Tien v. Barkel

351 Mich. 276 (1958) 88 N.W.2d 552

TIEN
v.
BARKEL.

Docket No. 26, Calendar No. 47,352.

Supreme Court of Michigan.

Decided March 5, 1958.

Leo W. Hoffman and Frederick D. McDonald, for plaintiff.

Alexis J. Rogoski and Robert Bunker Rogoski, for defendants.

BLACK, J.

This is what is known in our books as a guest-passenger case. The plaintiff passenger had verdict and judgment, from which the defendant driver and defendant owner appeal. As in most of *278 our opinions construing the act of 1929,[*] the principal issue is whether the plaintiff has presented evidence upon which the jury with legal propriety found the defendant driver guilty of causally connected "gross negligence or wilful and wanton misconduct."

Motions having been duly submitted for judgment notwithstanding the jury's verdict or, in alternative, for new trial, the trial judge prepared and filed a carefully considered opinion which so well analyzes and concludes the stated issue as to impel adoption of the entire relevant portion thereof.
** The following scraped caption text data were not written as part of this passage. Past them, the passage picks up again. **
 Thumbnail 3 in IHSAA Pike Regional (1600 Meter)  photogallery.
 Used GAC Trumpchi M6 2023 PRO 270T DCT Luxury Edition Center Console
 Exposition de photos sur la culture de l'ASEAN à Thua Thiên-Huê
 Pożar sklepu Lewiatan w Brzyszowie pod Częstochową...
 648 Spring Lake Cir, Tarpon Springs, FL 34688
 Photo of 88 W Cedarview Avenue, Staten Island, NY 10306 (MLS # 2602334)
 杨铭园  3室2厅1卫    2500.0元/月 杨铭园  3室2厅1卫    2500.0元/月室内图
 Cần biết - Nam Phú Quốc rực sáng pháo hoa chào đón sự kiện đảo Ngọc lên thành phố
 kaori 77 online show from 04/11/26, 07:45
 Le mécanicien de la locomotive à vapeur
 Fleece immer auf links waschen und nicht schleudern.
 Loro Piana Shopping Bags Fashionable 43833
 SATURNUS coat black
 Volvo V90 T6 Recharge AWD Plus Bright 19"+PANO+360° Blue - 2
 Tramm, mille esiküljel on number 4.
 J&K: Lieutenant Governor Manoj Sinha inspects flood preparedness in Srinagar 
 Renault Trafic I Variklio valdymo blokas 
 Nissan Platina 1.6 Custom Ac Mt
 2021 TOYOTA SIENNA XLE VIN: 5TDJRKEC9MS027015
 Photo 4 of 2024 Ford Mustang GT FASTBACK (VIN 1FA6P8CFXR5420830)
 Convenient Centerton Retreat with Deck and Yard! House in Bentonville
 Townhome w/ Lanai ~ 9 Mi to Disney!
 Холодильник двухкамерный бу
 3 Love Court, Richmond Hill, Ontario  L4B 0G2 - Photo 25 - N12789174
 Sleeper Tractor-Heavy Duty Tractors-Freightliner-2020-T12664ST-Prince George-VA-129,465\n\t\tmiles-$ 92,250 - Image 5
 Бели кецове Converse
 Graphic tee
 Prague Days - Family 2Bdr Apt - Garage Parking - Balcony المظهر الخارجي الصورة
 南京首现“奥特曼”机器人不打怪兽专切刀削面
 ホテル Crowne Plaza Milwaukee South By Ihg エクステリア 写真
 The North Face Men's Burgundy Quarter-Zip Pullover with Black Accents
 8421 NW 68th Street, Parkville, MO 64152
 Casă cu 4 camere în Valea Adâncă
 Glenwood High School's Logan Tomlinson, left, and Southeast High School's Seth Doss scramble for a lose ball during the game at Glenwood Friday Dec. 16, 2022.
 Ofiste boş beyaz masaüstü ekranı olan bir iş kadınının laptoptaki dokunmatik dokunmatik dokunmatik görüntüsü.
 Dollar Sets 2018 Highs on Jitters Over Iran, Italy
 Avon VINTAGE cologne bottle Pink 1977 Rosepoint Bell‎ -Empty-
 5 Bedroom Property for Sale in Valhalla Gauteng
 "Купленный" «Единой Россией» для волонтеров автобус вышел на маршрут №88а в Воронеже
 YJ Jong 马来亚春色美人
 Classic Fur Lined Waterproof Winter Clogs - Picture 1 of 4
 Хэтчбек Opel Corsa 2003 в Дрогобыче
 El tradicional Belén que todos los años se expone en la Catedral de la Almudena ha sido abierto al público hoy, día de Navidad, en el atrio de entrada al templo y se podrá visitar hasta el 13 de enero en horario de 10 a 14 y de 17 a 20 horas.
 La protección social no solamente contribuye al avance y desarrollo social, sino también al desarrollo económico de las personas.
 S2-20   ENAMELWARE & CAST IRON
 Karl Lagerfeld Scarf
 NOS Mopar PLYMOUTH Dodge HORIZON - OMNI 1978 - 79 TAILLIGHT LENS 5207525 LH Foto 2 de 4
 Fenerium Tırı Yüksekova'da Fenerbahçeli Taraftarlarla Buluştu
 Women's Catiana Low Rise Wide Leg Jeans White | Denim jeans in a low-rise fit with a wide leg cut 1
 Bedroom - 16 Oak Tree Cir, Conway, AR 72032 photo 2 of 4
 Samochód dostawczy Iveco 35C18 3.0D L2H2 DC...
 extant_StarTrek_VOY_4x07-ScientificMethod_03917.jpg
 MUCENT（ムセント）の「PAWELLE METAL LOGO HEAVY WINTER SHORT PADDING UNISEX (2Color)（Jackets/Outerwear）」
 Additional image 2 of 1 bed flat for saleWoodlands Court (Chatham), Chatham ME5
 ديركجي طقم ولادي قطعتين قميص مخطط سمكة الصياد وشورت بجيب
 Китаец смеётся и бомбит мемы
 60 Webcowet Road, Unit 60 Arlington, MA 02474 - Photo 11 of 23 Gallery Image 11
We quote and embrace, then, Judge Smith's statement of facts and ruling as follows:

"Orville Tien and Earl Barkel, hereafter referred to as plaintiff and defendant respectively, were in the company of 3 other boys on the night in question. About 30 minutes before the accident in question these 5 boys were observed at a Holland restaurant. Earl Barkel and 1 of the boys entered the car of Miss Dryer without her permission, made some remarks in language not considered proper by the girls present, and left after they were told that they were not welcome. A few minutes later these same 5 boys were in another Holland restaurant where they met up with De Pree and O'Connor. O'Connor was in army uniform. Barkel, observing that O'Connor was a paratrooper, called him a `Fly-boy' and bowed down with arms extended several times. As De Pree and O'Connor got into their car Barkel and another boy taunted them with the remark: `Hey you * * * bastards, do you want to waltz a few rounds?' De Pree and O'Connor drove away with Barkel and the other 4 boys in close pursuit.

*279 "The 2 cars proceeded east on 10th street and turned north to 8th street where De Pree's car was tagged in the rear bumper by the front bumper of Barkel's car. The cars turned east on 8th street where Barkel immediately passed the De Pree car and slowed down to about 10 miles an hour. Some one in the rear seat shook his fist at the De Pree car. De Pree thereupon passed Barkel. De Pree turned north at Lincoln and west on 7th street. Barkel followed De Pree down 7th street at times only 4 feet separating the cars. Both cars turned north on River avenue at which point it appeared that both cars were side by side as they left the intersection.

"The De Pree car was in the lead as the 2 cars entered Butternut drive outside the city limits. At this point De Pree testified that he put his car into passing gear and accelerated to more than 80 miles an hour. North of the intersection of James street and Butternut drive, a witness who was driving south on Butternut, stated that the 2 cars were about a block apart and appeared to be going between 80 and 90 miles an hour. De Pree and O'Connor continued to observe the Barkel car behind them, O'Connor stating that as they entered the curve he believed that the Barkel car was 600 to 800 feet back. De Pree testified that he slowed down to about 60 miles an hour in order to make the curve and then accelerated the car to an even greater speed. De Pree continued on down the road without again observing the Barkel car and shortly pulled off the road onto a side road in order to learn whether the Barkel car was coming. After a short wait De Pree retraced his route and discovered the Barkel car had collided with a tree about 500 feet beyond the curve.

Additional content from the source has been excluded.